■ **Task objective**
Could you please retype all of the records exactly, skipping any pictures?

Start of Data

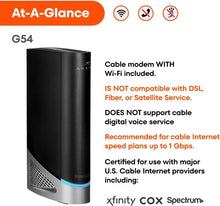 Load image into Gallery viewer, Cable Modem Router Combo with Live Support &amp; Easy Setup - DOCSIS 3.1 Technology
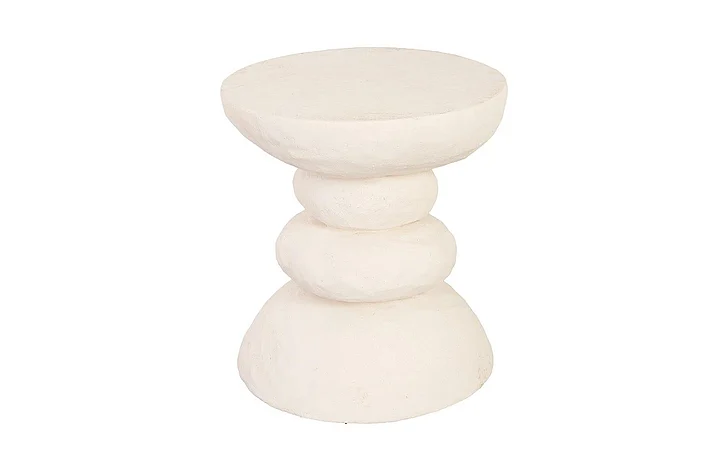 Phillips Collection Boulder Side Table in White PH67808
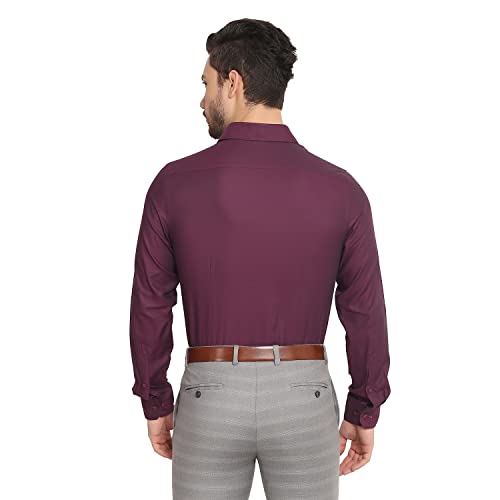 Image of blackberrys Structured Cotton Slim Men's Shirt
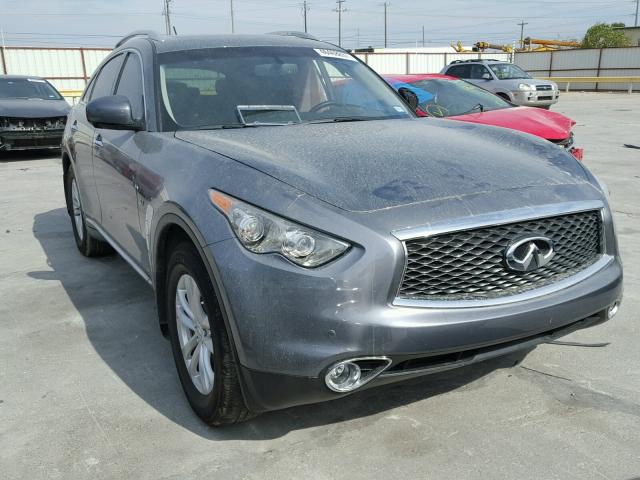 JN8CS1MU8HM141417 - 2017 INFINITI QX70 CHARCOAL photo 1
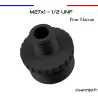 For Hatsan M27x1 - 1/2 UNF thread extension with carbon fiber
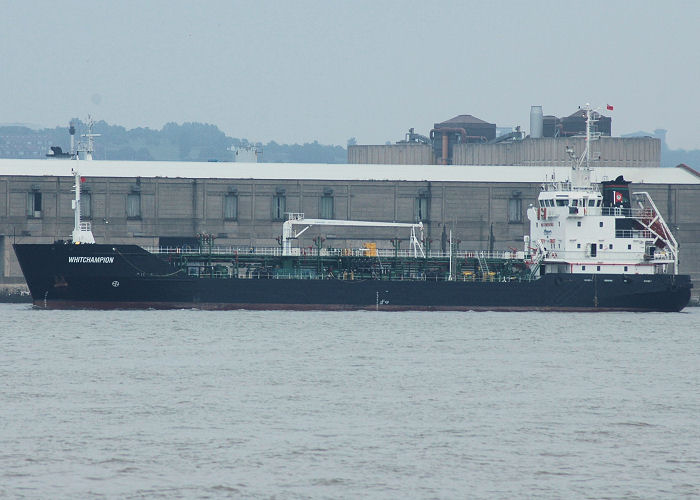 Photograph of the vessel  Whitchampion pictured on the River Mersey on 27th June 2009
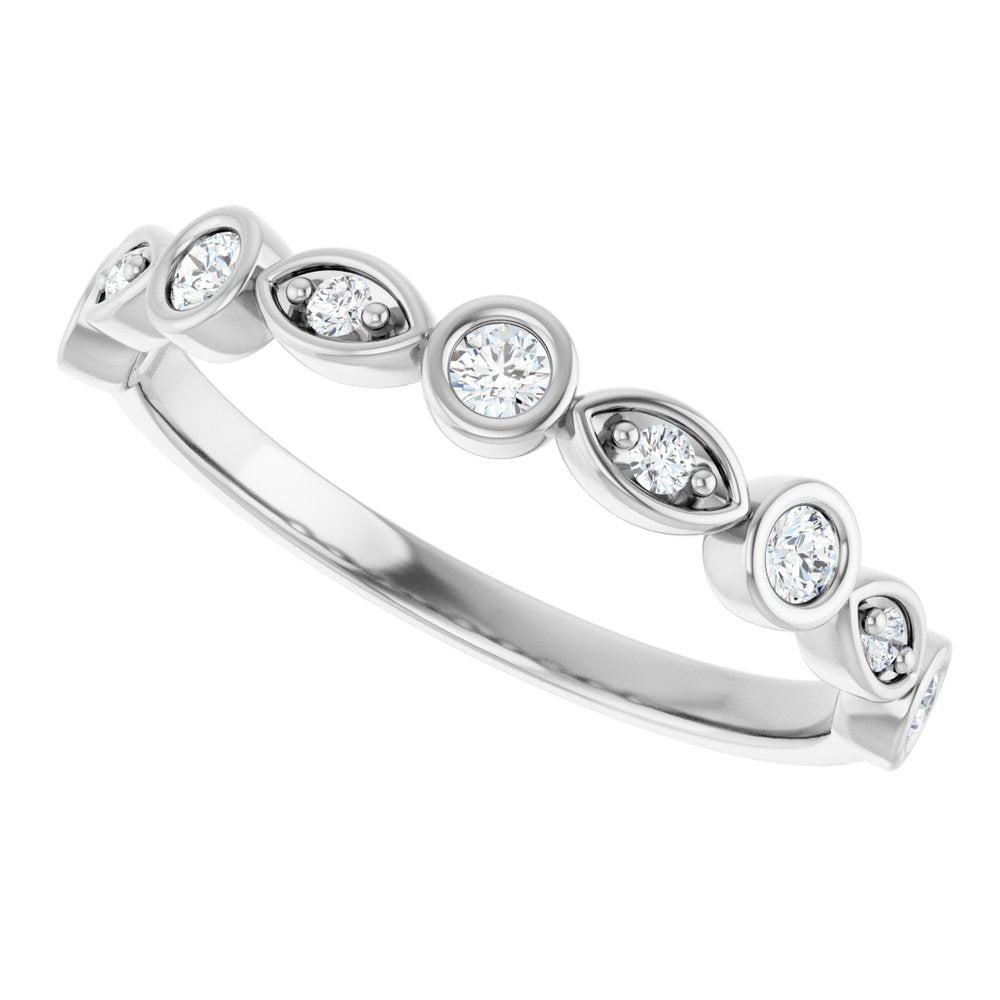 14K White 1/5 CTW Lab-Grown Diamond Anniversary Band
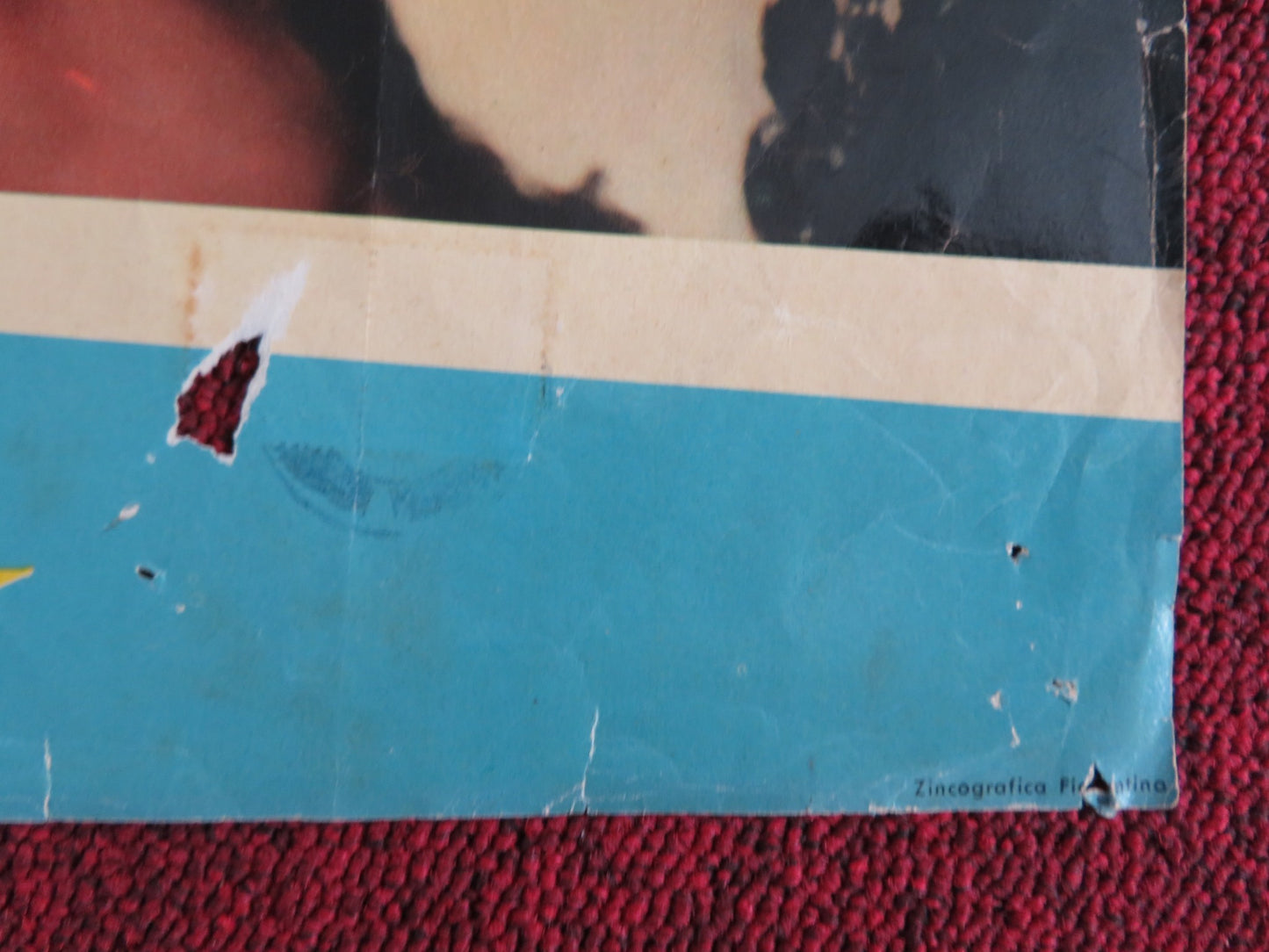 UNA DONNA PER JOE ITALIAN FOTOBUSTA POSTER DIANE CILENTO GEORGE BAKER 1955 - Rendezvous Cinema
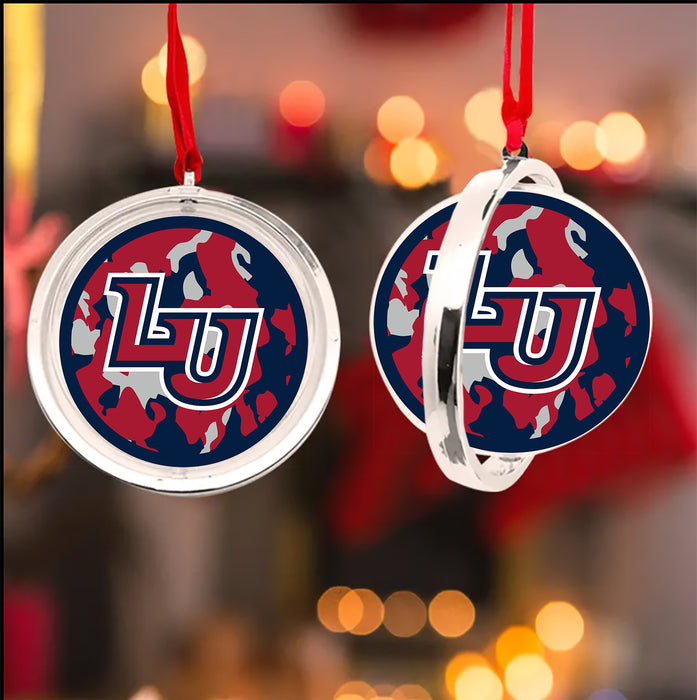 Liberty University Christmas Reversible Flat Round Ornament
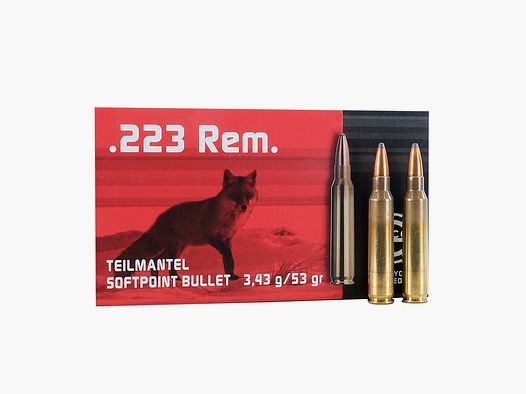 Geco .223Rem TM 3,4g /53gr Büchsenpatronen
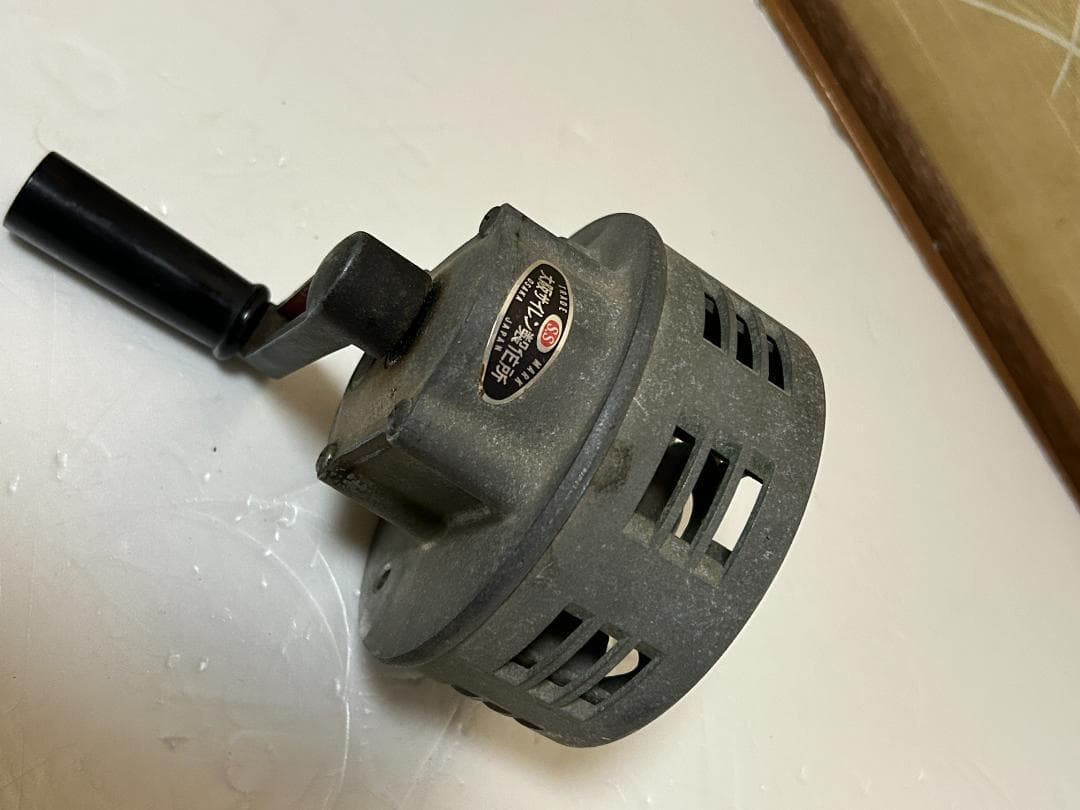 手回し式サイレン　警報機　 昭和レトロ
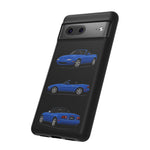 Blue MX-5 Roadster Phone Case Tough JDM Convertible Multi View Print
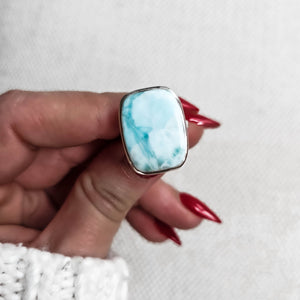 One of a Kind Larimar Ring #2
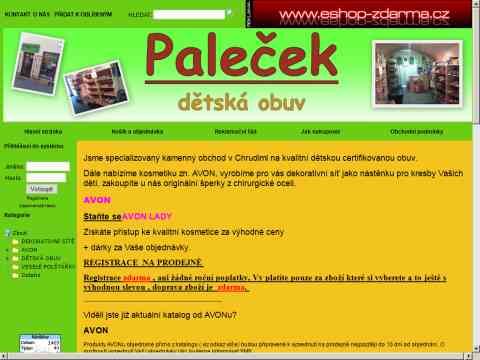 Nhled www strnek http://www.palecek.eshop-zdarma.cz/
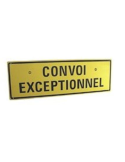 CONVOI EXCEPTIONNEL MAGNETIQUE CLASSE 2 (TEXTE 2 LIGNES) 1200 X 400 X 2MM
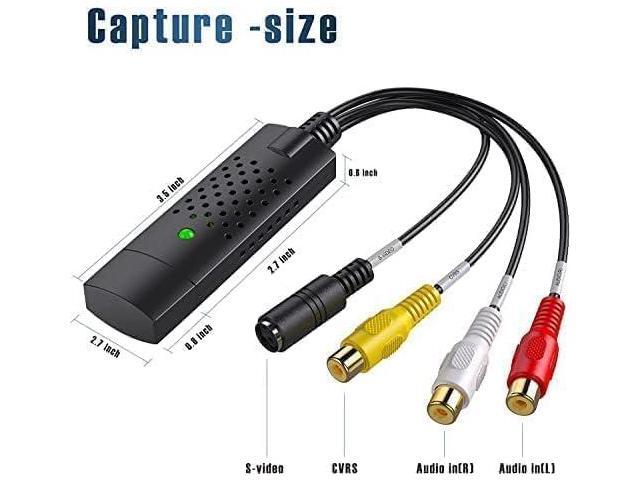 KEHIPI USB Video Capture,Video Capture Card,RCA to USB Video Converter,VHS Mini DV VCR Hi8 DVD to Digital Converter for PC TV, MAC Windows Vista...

End of Data

■ **Written response**
 Load image into Gallery viewer, Cable Modem Router Combo with Live Support &amp; Easy Setup - DOCSIS 3.1 Technology
 Phillips Collection Boulder Side Table in White PH67808
 Image of blackberrys Structured Cotton Slim Men's Shirt
 JN8CS1MU8HM141417 - 2017 INFINITI QX70 CHARCOAL photo 1
 For Hatsan M27x1 - 1/2 UNF thread extension with carbon fiber
 Photograph of the vessel  Whitchampion pictured on the River Mersey on 27th June 2009
 14K White 1/5 CTW Lab-Grown Diamond Anniversary Band
 UNA DONNA PER JOE ITALIAN FOTOBUSTA POSTER DIANE CILENTO GEORGE BAKER 1955 - Rendezvous Cinema
 Liberty University Christmas Reversible Flat Round Ornament
 Geco .223Rem TM 3,4g /53gr Büchsenpatronen
 手回し式サイレン　警報機　 昭和レトロ
 Blue MX-5 Roadster Phone Case Tough JDM Convertible Multi View Print
 One of a Kind Larimar Ring #2
 Nhled www strnek http://www.palecek.eshop-zdarma.cz/
 CONVOI EXCEPTIONNEL MAGNETIQUE CLASSE 2 (TEXTE 2 LIGNES) 1200 X 400 X 2MM
 KEHIPI USB Video Capture,Video Capture Card,RCA to USB Video Converter,VHS Mini DV VCR Hi8 DVD to Digital Converter for PC TV, MAC Windows Vista...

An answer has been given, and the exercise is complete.